Watching city government when there is a bond measure or tax levy on the ballot is fascinating. It truly does become a center of focus that moves a lot of people away from the jobs they are supposed to be doing and onto supporting the new tax. I can say for a fact that the current "public safety tax levy" here is taking the county sheriff away from being sheriff and making him a politician stumping for the tax. That impacts his office, and to deny that is simply loony.
This is the big league and if Comcast can't make it, they don't deserve to play.
That's a wonderful anti-Comcast rant, but any company that cannot profit in a market cannot stay in that market. If you undercut the incumbent provider of a service by first regulating them so they MUST provide less profitable services and then cherry-pick the high-profit services away from them with prices that don't have to include many cost centers the incumbent has, then you drive out competition. And you do so unfairly because you are writing the rules for your competitor and yourself, and your rules are a lot less restrictive than theirs.
The sole reason the city is looking into this is that the "market" has failed to provide the options that many of us want,
And why do you think the market has failed to do that? Could it be because there is no profit in providing the service you want at the low price you want to pay for it? So the answer is to drive out any competition by having a taxpayer backed city company do it?
I'd love a lot of things that aren't available at the price I want to pay. I'd love the city to provide cheap aircraft rentals, for example. I think $100/hr is just way too much. I'd prefer $50/hr. City, step up and do it so I can have what I want.
The franchise model is a choice a city makes coupled with an agreement with a franchisee to provide access to the internet to the people in the city.
If the franchisee is not living up to the agreement, the proper solution is to enforce the existing agreement. The proper solution is not to ignore the existing agreement and create a new competitor without any such agreements.
When better options become available, it is the city's duty to explore them. Comcast is working hard to prevent this
Of COURSE they are. Any sane company would try to prevent competition that doesn't have to abide by the same rules it does, from coming in and cherry-picking services and subscribers to try to put them out of business.

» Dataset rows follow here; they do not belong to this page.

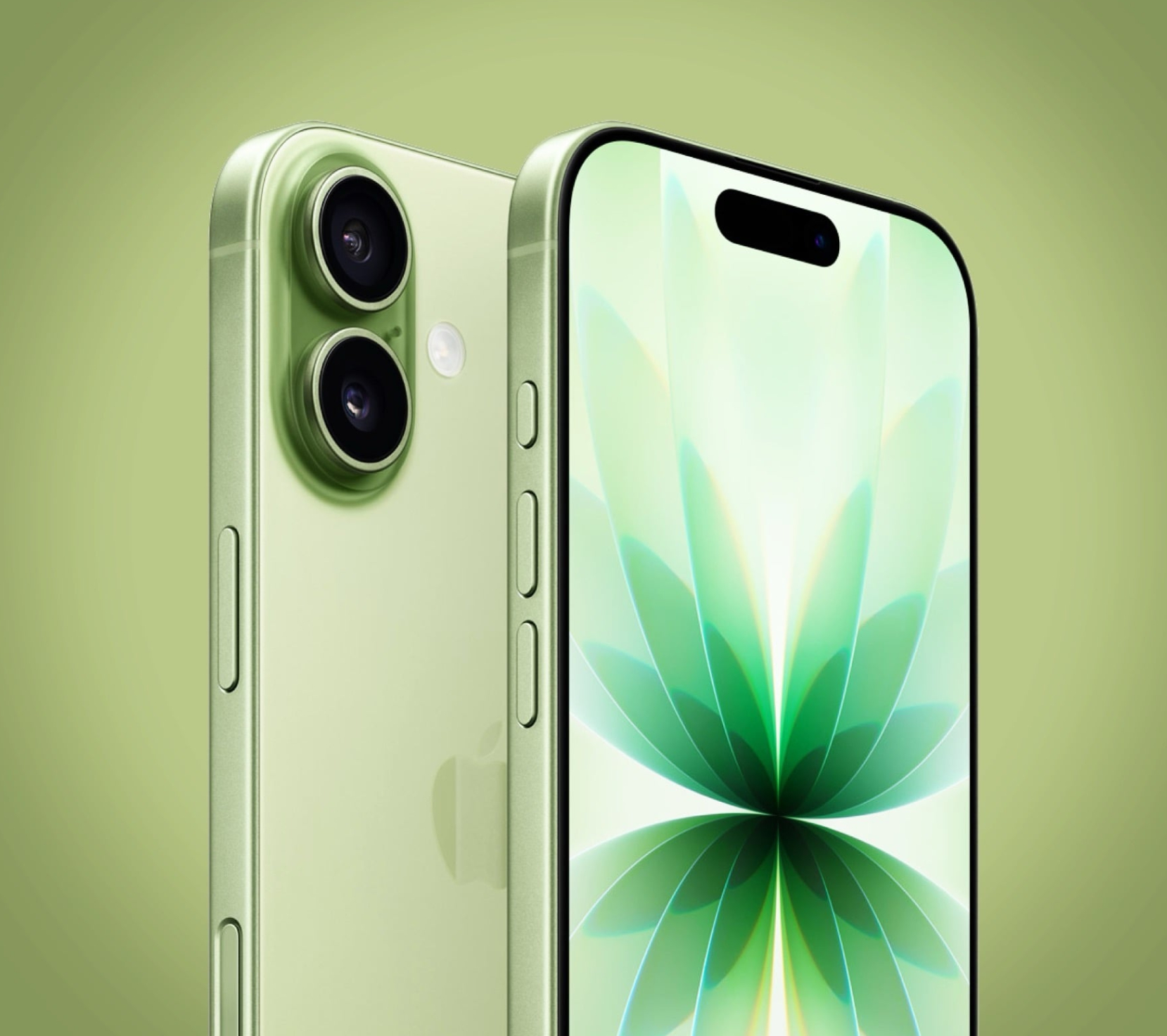 【#iPhone18涨价幅度# 传闻涨幅约 670‑1350 元】

据彭博社记者古尔曼爆料，即将发布的 iPhone18 系列或将迎来涨价，Pro 版本海外预计上调 100‑200 美元，折合人民币约 670‑1350 元。

受 AI 产业抢占存储芯片产能影响，内存、闪存采购成本大幅走高，此前 Mac、iPad 产品线已经率先调价。按照预估， ​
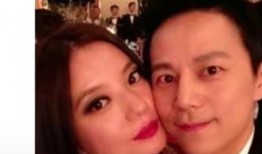 吃瓜爆料短剧视频在线免费观看,短剧视频带你轻松追剧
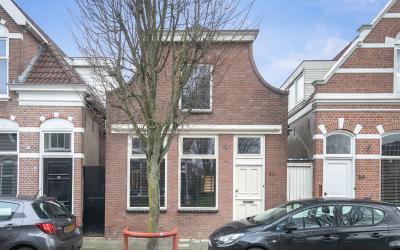 Weerdstraat 52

When you make an agreement you need to live by it, until that agreement expires. The city doesn't want to wait until the existing franchise expires, and they don't want to try enticing another company to come in and compete, so they think they can do the job themselves, ignore the rules they put on the existing competitor,
You reference the second sentence later in this diatribe, so presumably you just forgot. "The broadband budget is going to be funded 100 percent through subscriber fees,"
Which means unless they get enough subscribers, they are going to be raising rates to cover the costs, or they are going to cut services. They cannot make this guarantee otherwise. They also will have ZERO subscribers while they are building the system, but building the system requires money. This money comes from -- the taxpayers. Involuntary investors.
Why do you believe politicians when they talk about blue-sky predictions of municipal broadband, but not when they talk about other things? Are politicians honest or dishonest? Here's where the rubber hits the road for this: there is an existing history of government monitoring of public communications, yet you seem to be ready and willing to run all of your internet through the government. You are ready and willing to have all of your neighbors do the same. While you can say "I will always use Tor or a VPN", you cannot say that about your neighbors. They are going to do the same thing they do today, and you will have had a hand in getting their traffic to pass through government pipes.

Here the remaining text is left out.